Ramat Gan City Council members demanded a meeting Monday night over the mayor's support for ex-UNESCO diplomat Andrés Roemer Slomianski's arrest and possible extradition to Mexico for alleged rapes.
Council members Avivit Maor Nimrodi, Haya Mena, Dana Wolnovsky, Sarit Asraf-Levi, Mira Shnan, and former mayor Yaakov Hagar accused Mayor Carmel Shama Hacohen of believing Roemer over the alleged victims.
Hacohen told Ynet on Monday that he didn’t trust Mexican legal and judicial authorities, and that while he didn’t know the details of the accusations, he did know of previous political persecution of Roemer by the Mexican government.
The critical politicians said they had further asked the mayor about Roemer, and claimed that Shama-Hacohen had asserted that there was a plot against the ex-diplomat over his support for Israel. In 2016, the then-UNESCO representative had walked out of a discussion on a resolution that his country had supported and was removed from his post.

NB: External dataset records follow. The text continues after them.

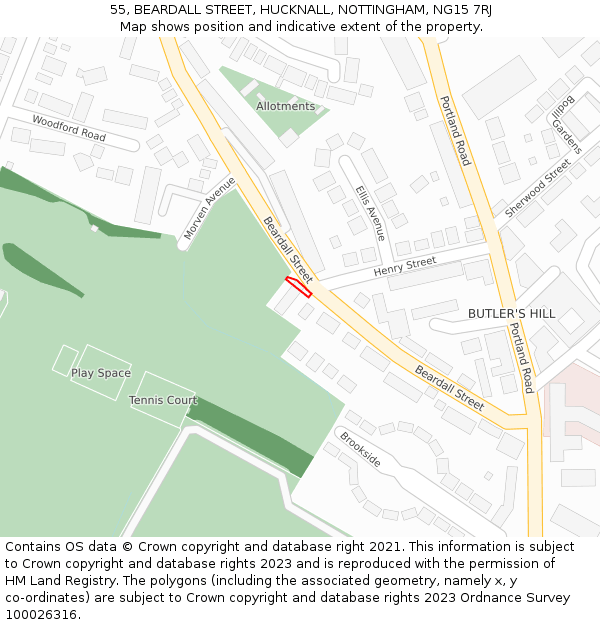 55, BEARDALL STREET, HUCKNALL, NOTTINGHAM, NG15 7RJ: Location map and indicative extent of plot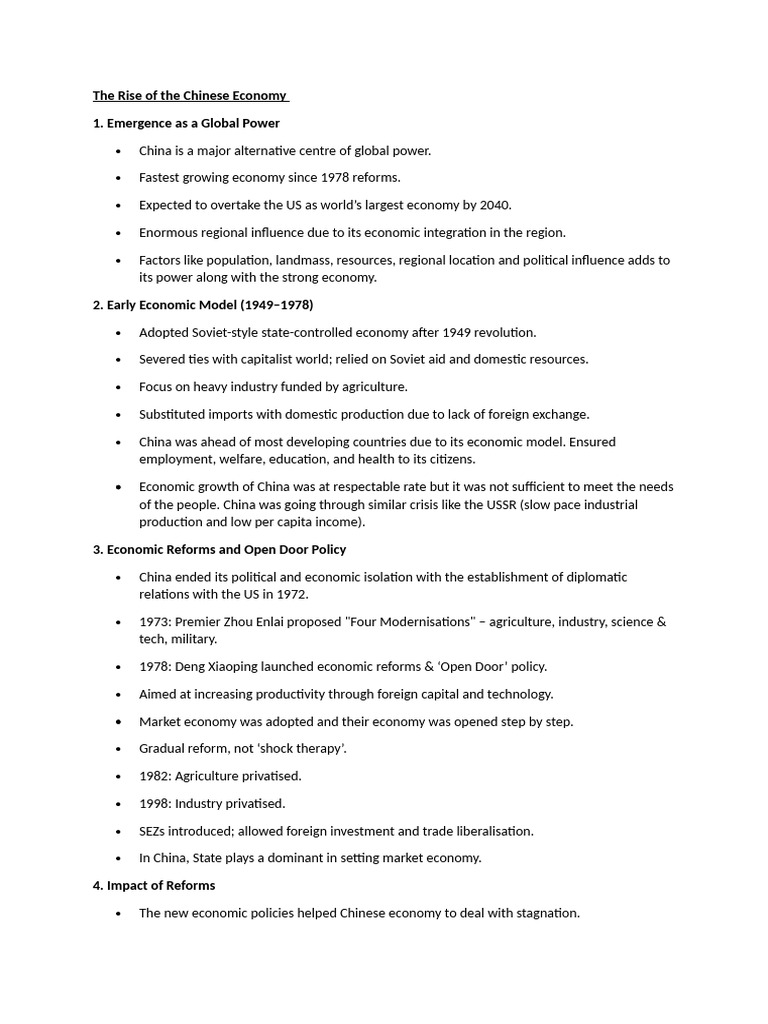 The Rise of The Chinese Economy | PDF | Chinese Economic Reform | China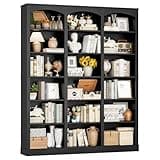 FACBOTALL 71" Triple Wide Bookshelf, 6 Tier Tall Bookshelf, Large Book Shelf with Curved Baffle, 63.4" Wide Bookcase with 18 Open Display Shelves for Living Room, Study, Black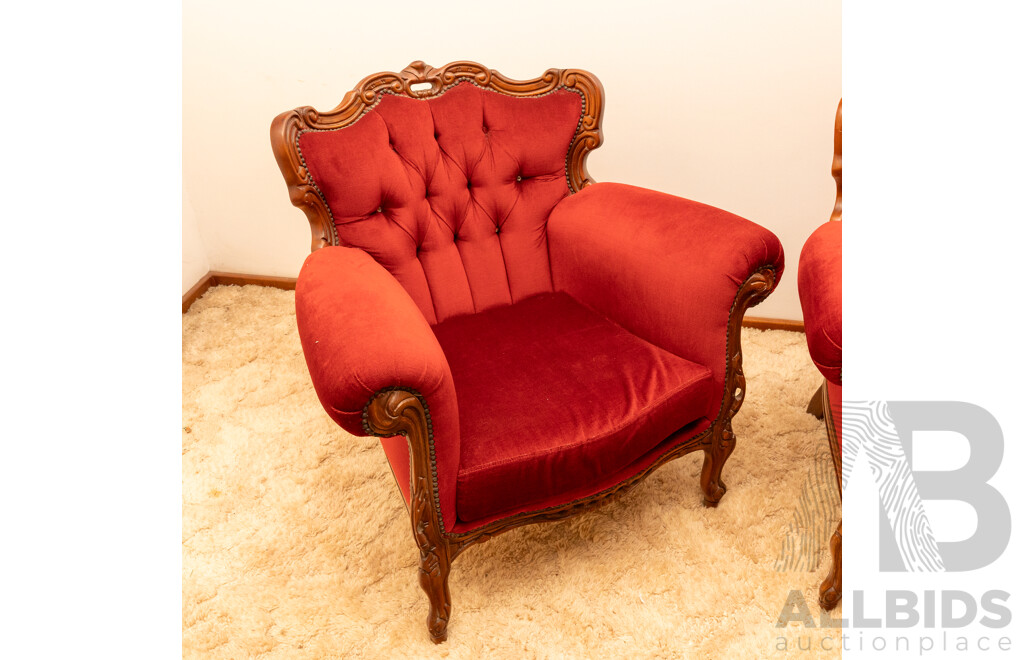 Lady in Red Victorian Style Maroon Velour Button Backed 3 Seater Lounge & 2 Matching Single Seater Arm Chairs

The council members decried Hacohen using his title and speaking on behalf of the city to defend Roemer. They noted that the two men were friends, and a street was named after the Mexican-Israeli citizen at the behest of Hacohen.
“It is a dark day for the status of women in the world, in Israel and in Ramat Gan, and as public representatives we are filled with anger, shame, disgrace and sorrow on this day,” wrote the council members. “We call to express personal support from everyone who was harmed by Anders Roemer and ask in all this darkness to shed some light with a strong public call against these acts.”
Who is Roemer?
Police arrested the almost 60-year-old Roemer in response to an arrest warrant from Interpol. Mexico had requested an extradition of the suspect in 2022.
Roemer is set to be in detention until October 16, upon which he is expected to be extradited. The State Attorney’s Office’s international department filed extradition documents to the Jerusalem District Court on Monday.
The writer and academic is accused of the rape of several women in Mexico City. In 2021, a group calling itself “United Mexican Journalists’’ compiled the testimonies of 54 women who claimed that Roemer had sexually assaulted him, and the stories of seven others who explained how he used his position to isolate and lure women.
Roemer has insisted on his innocence as recently as a social media post on Saturday. He wrote that polygraph tests had supported his claims.